Thursday, September 11, 2008

Animal Farm

No, not the Orwell novel, it's a place called Udaipur.
We've seen all the animals in the streets here:

Dogs: Check
Squirrels: Check
Monkeys: Check
Goats, donkeys, cows, sheep: Check
Bats, geckos, hawks, horses, cranes, pigs: Check

It's like a goddamn zoo, but only with all the shit animals.
Although I have to admit, it was pretty insane when the street we were walking down was the site of a spider monkey assault. Out of nowhere they came swinging in from rooftops, running across cabling and terrorising the street. Seeing as we didn't get our magical rabies forcefield injections before embarking for the subcontinent, we slowly snuck by and left the locals to deal with the chaos.

Jeremy and Charlotte: 1
Monkeys: 0

Udaipur is really cool though. Waaaay more laid back than anywhere else we've been in India. Cleaner streets (even with all the animals around) and it's set on a big-ass lake which our hotel overlooks. Can't complain.

There's a palace built on an island in the middle of said lake, another palace built on the lake's shore and a myriad of temples, shrines and memorials scattered through the labrynthine streets.

We even trekked out of the old town area yesterday to visit the royal cenotaphs. This place is filled with memorials to all the various maharajas that have expired over the years and boy, do the royals here know how to make a posthumous monument.
I think there was something like 250 cenotaphs and I would be happy to live in the majority of them. There were domes and pillars and steps and multi-levels and marble elephants. All kinds of nifty shit that costs a whole bunch.
Oh and there was more monkeys. And disease ridden dogs, that like me, though the cenotaphs were a pretty sweet place to live.

After hiking back into town along a road crawling with all manner of Health and Safety deathtraps disguised as vehicles (Anyone for carrying a 5 metre bamboo ladder on your scooter handlebars UPRIGHT???), we made it back into the (relative) safety of our little part of town, Hanuman Ghat.
Five minutes later, the sky darkened to a menacing black and the thunder and lightning commenced. Sitting on the terrace of our hotel, this made for awesome viewing, until the torrential rain started. We decided then it was time to head for cover.

-Cue food, drinks, chatting, sleeping. Fade to black.-

Today we thought we'd take a nice little stroll to some garden thing that some important guy made for a bunch of chicks he was into. The local guide suggested it was some fancy acreage with fountains and kiosks and various types of exotic flora.

Sounds like it is worth walking to, right?

Two hours of walking, three litres of sweat and four hundred 'no thanks' to rickshaw drivers later, we finally succumbed, hailed a rickshaw and asked him where in the hell we were.

Lost, apparently. Thanks shitty local guide map.

He drove us about a kilometre in a direction we didn't even know was possible and dropped us off at the front of the gardens.

They were pretty shite.

We walked around them for fifteen minutes, then commenced the walk home which was decidedly nicer than the gardens.

Once again, we did the food, drinks etc thing and now I'm waiting while the photos transfer off my camera... Shitty computer is hells slow. (three hours to move some photos, wtf??!)

Tomorrow we've got an early start as we're off on a day trip to Chittorgah to check out its super awesome fort . Apparently it's the best in all of India. Some guy that's into forts says so.
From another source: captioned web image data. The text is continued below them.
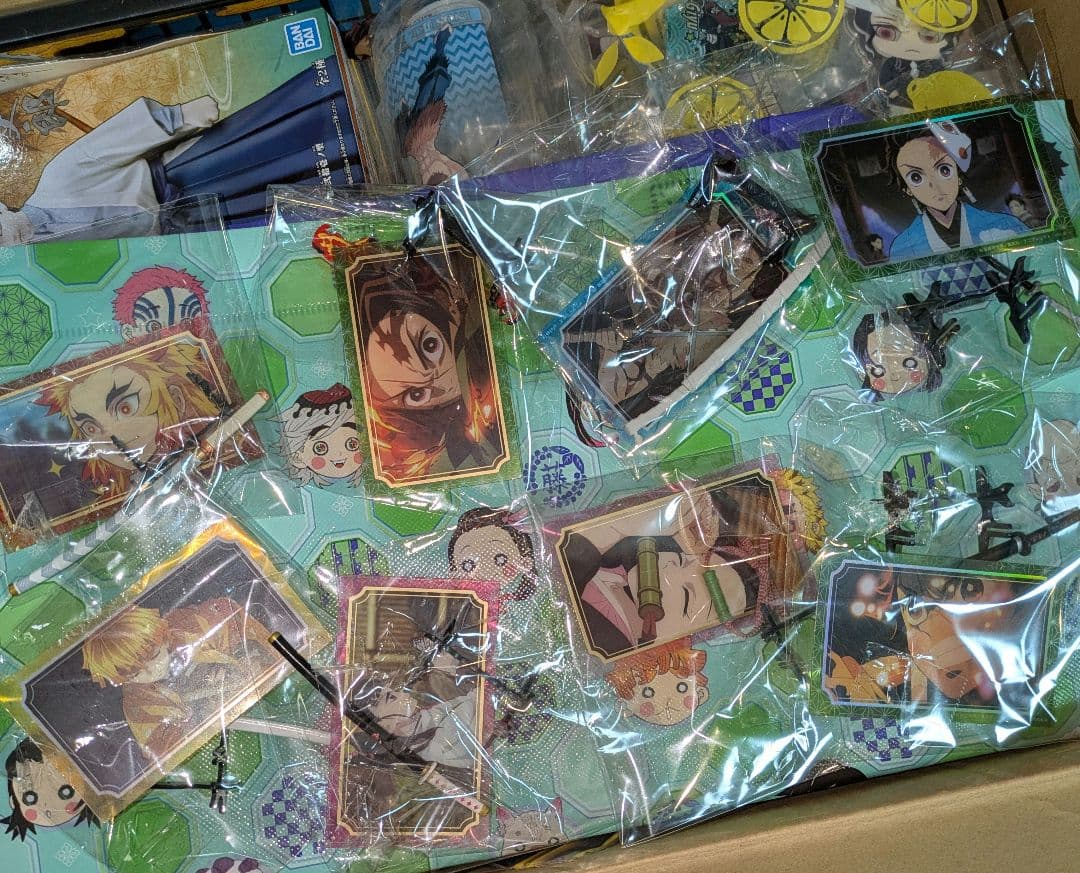 鬼滅の刃　アクスタ　ラバスト　缶バッジ　大量　まとめ売り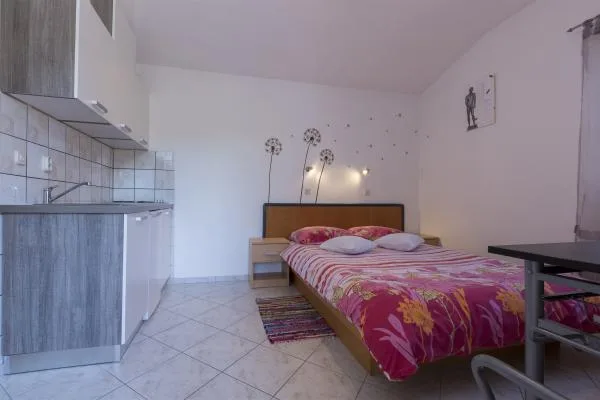 Studio – fotografija 2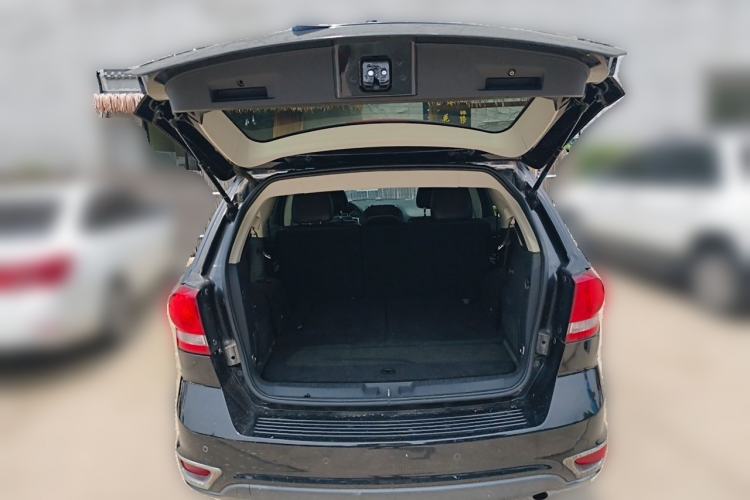 Used Dodge Journey 2013 2.4L Two-Wheel Drive Luxury Version Trunk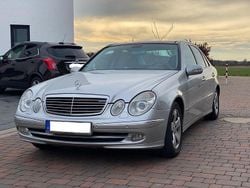 Silber Gebraucht 2005 Mercedes E320 Avantgarde Limousine | 22.999 €
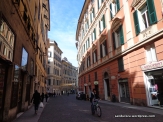 Pedestrian di sudut-sudut kota Genova
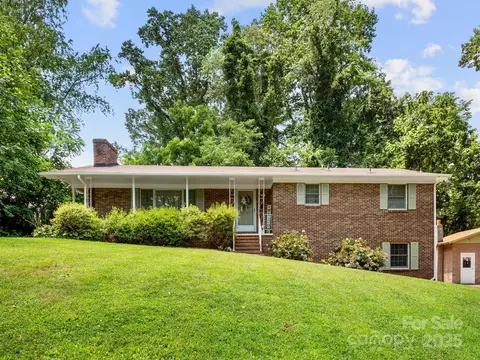 9 Baker Dr, Asheville, NC 28806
Despite its solid looks, it was overrun by invading armies pretty much whenever an invading army knocked on it's door. And being honorable Rajputs, the inhabitants almost always opted to sacrifice themselves rather than be humiliated by their foes.

So yeah, we're off to a massive (but really weak) fort where thousands of people set themselves on fire.
Romantic, no?

After that, we're back in Udaipur for a day, then it's on to Jodhpur- the land of tight, unflattering equestrian attire.